図2 サーバベースのデータレプリケーションを利用したSRM実行環境
サーバベースを実行する際には、アレイベースよりも必要なサーバが多くなるが、これらはOVFファイル形式で提供され、vSphere Clientの管理画面から展開が可能となっている。各コンポーネントの名称と役割は以下の通り。
- vRMS(vSphere Replication Management Server):保護のフレームワークを作成
- vRS(vSphere Replication Server):災対サイトにてレプリケーションされたデータを受け取り、反映させる
- vRA(vSphere Replication Agent):各ESXiサーバで、データの変更差分を送るためのエージェント
また、ストレージアレイのレプリケーションが不要となるため全体のコストとしては抑えられる。そのため、従来よりも災害対策の実現にあたっての障壁は低くなるだろう。

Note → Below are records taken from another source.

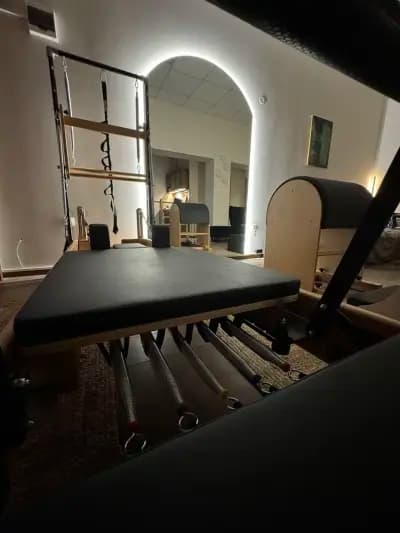 Pilates studio Stretchery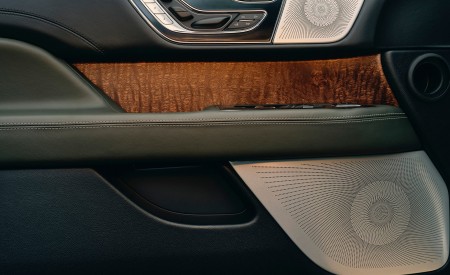 2022 Lincoln Navigator Black Label Invitation (Color: Chroma Caviar) Interior Detail Wallpapers 450x275 (71)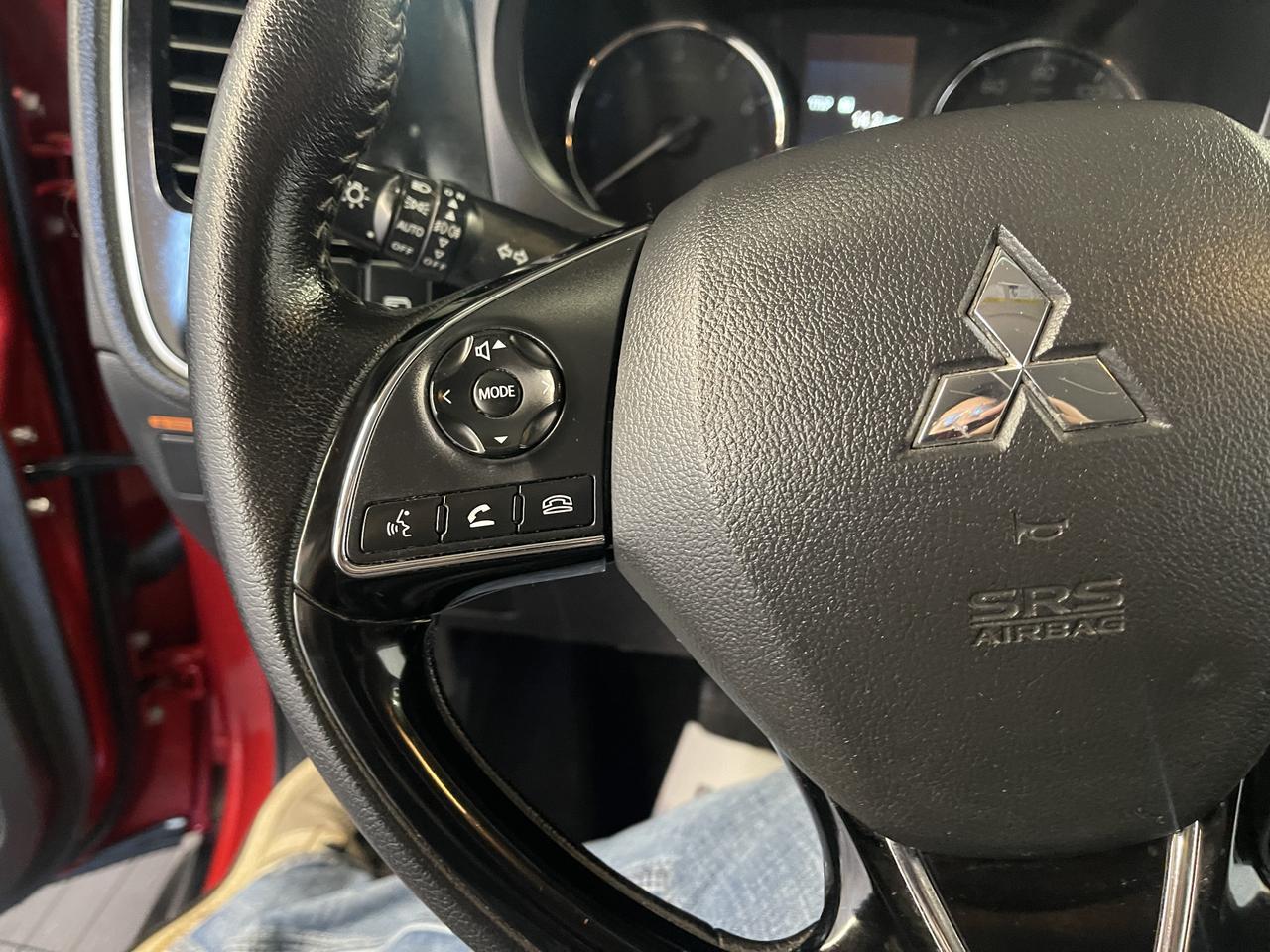 2019 MITSUBISHI OUTLANDER SE; LE; ES Kansas City MO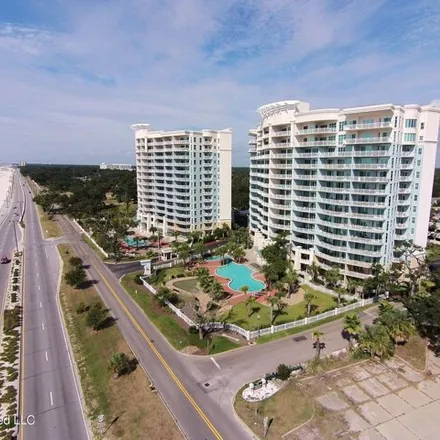 Buy this 3 bed condo on 2228 Beach Drive in Gulfport, MS 39507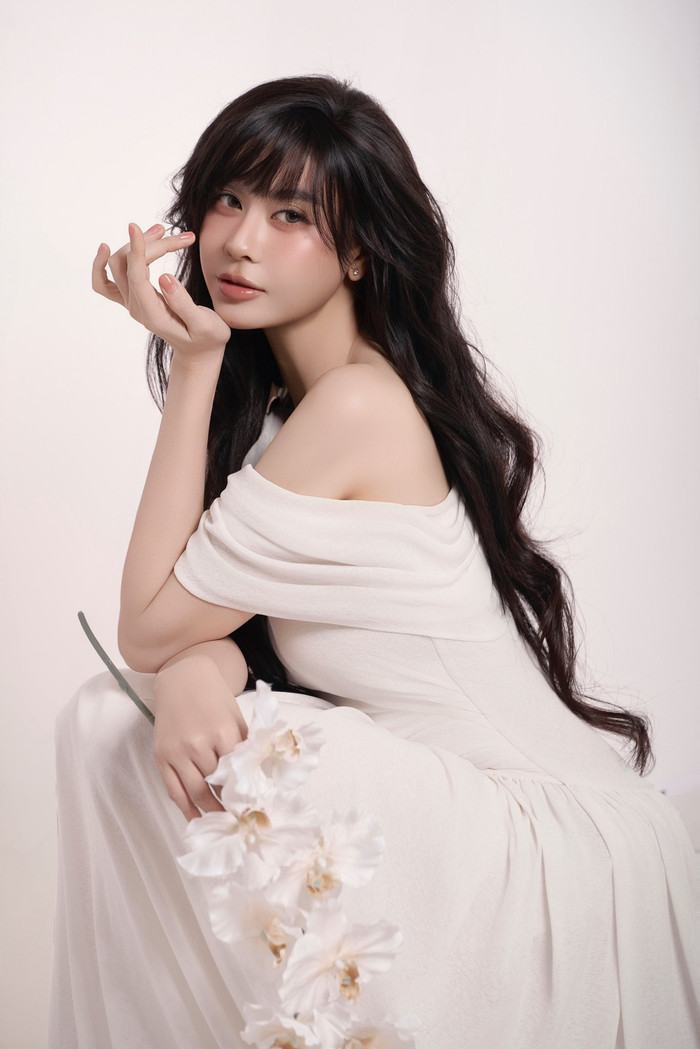 Trương Quỳnh Anh từng sở hữu xe sang 2 tỷ. Ảnh: FBNV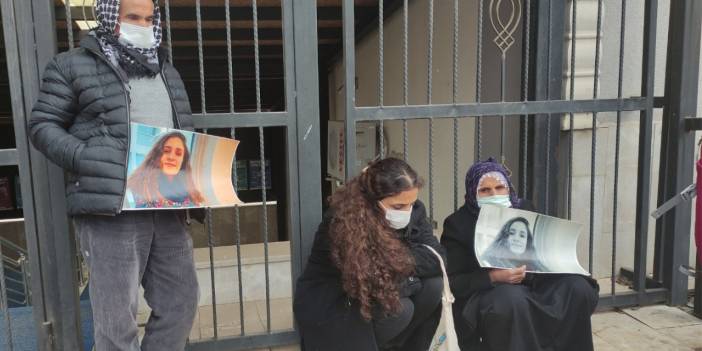 G&uuml;listan Doku'nun ailesi Adliye &ouml;n&uuml;nde oturma eylemi başlattı
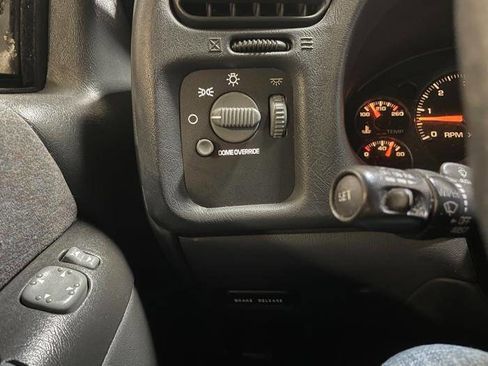 Used 2002 Chevrolet Blazer LS w/ Preferred Equipment Group image 22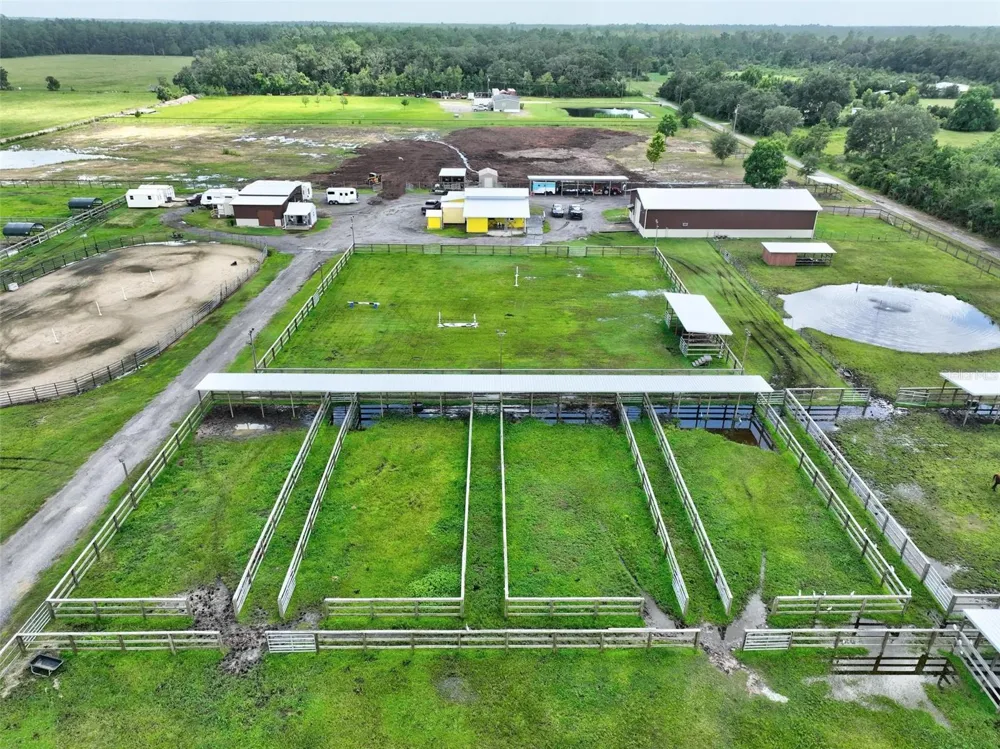 596 E COUNTY ROAD 90 Bunnell, FL 32110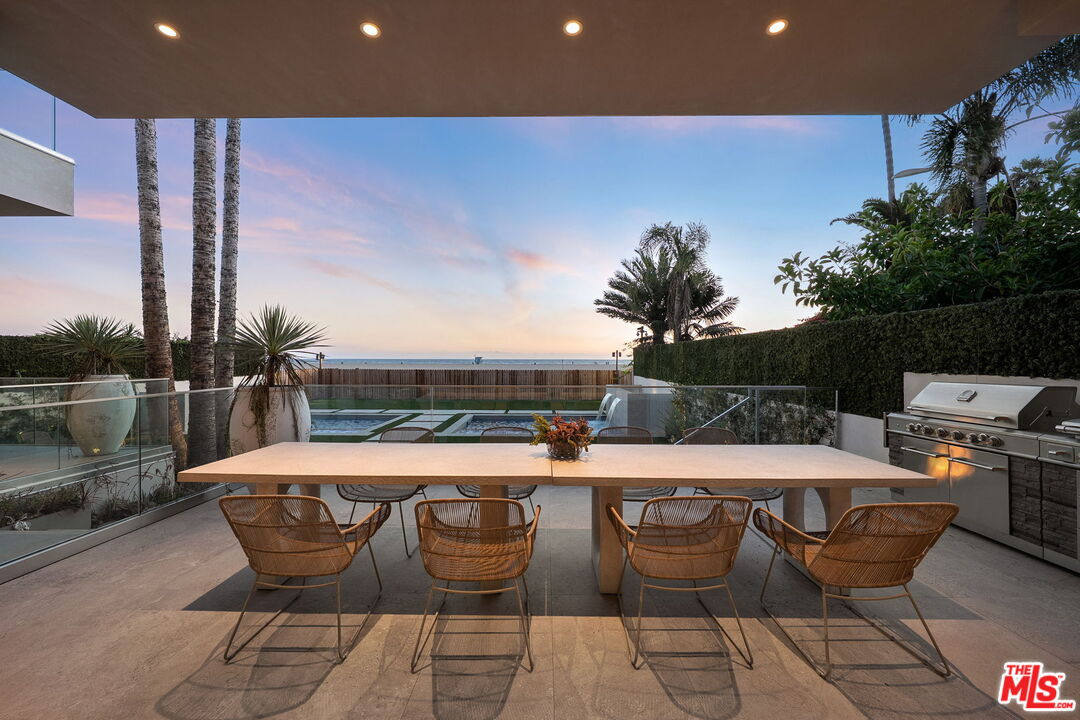 Santa Monica, California, 90403, United States, 7 Bedrooms Bedrooms, ,9 BathroomsBathrooms,Residential,For Sale,1955538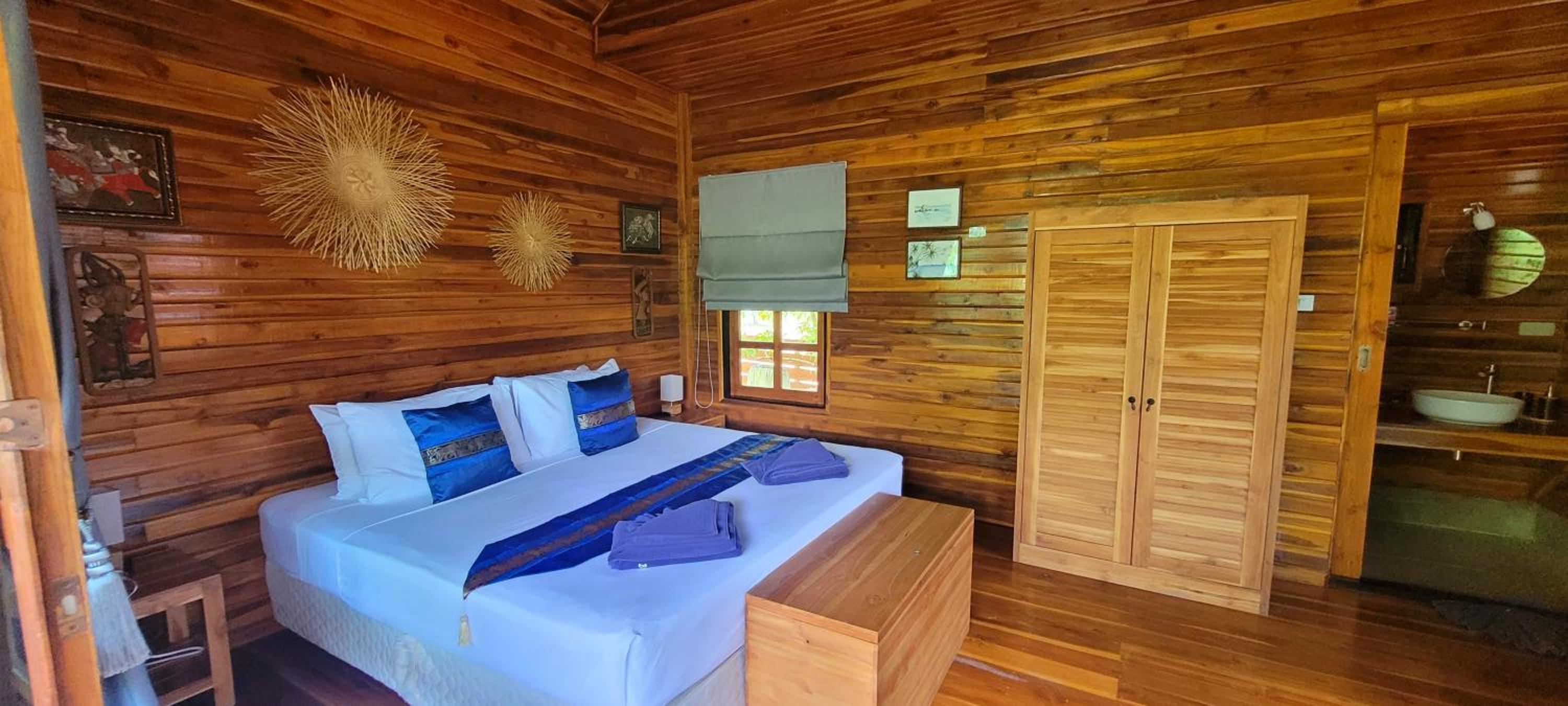 Deluxe Bungalow with Garden View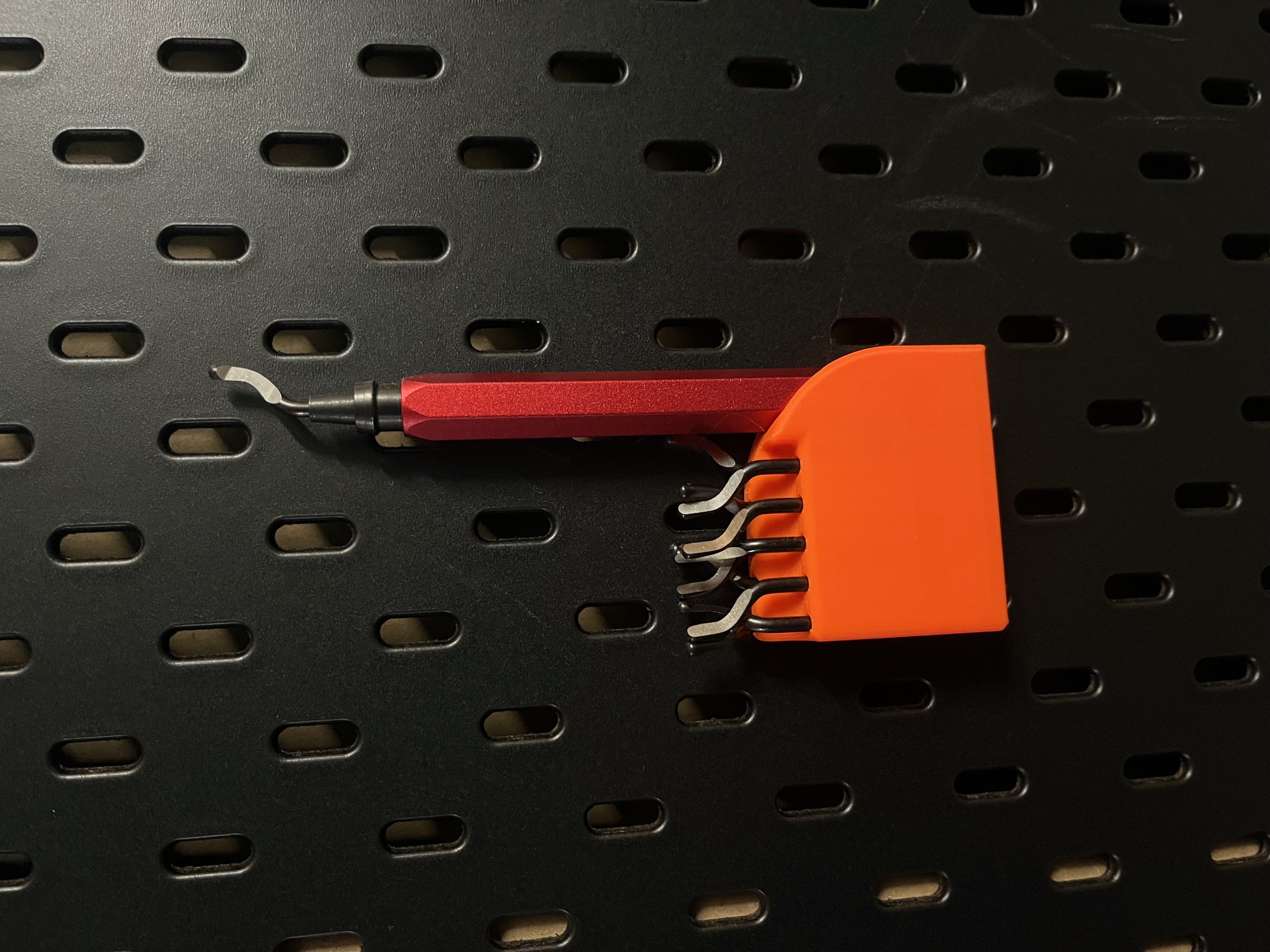 Halter für Entgrater + Klingen (Skadis) / Deburring Tool Holder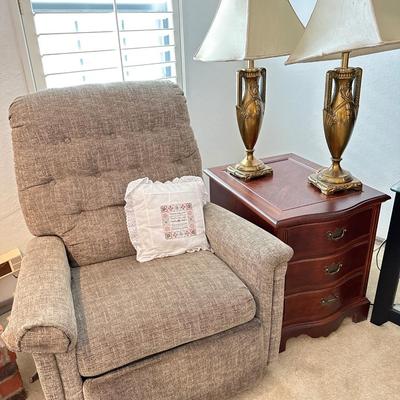 Recliner side table & pair of lamps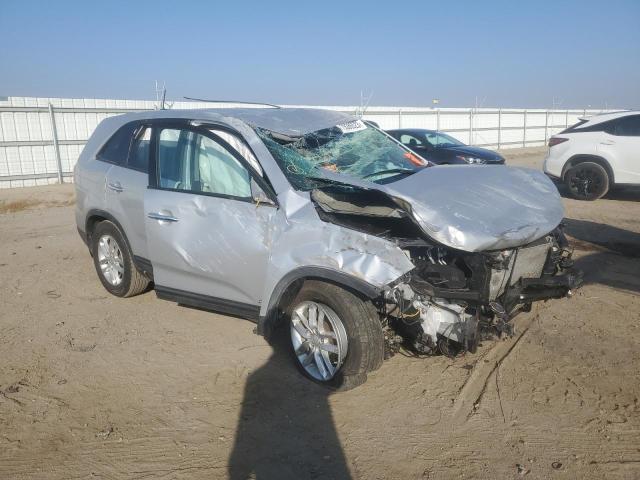 5XYKTCA60EG486220 - 2014 KIA SORENTO LX SILVER photo 4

アレイベースとサーバベースレプリケーションの併用の場合
アレイベースレプリケーションで構成する仮想マシンにはアレイベースの保護グループを作成し、サーバベースのレプリケーションで構成する仮想マシンには サーバベースの保護グループを作成する。保護グループにレプリケーションタイプを混在させることはできない。アレイベースの保護グループとサーバベースの保護グループを同じリカバリプランに混在させることができる。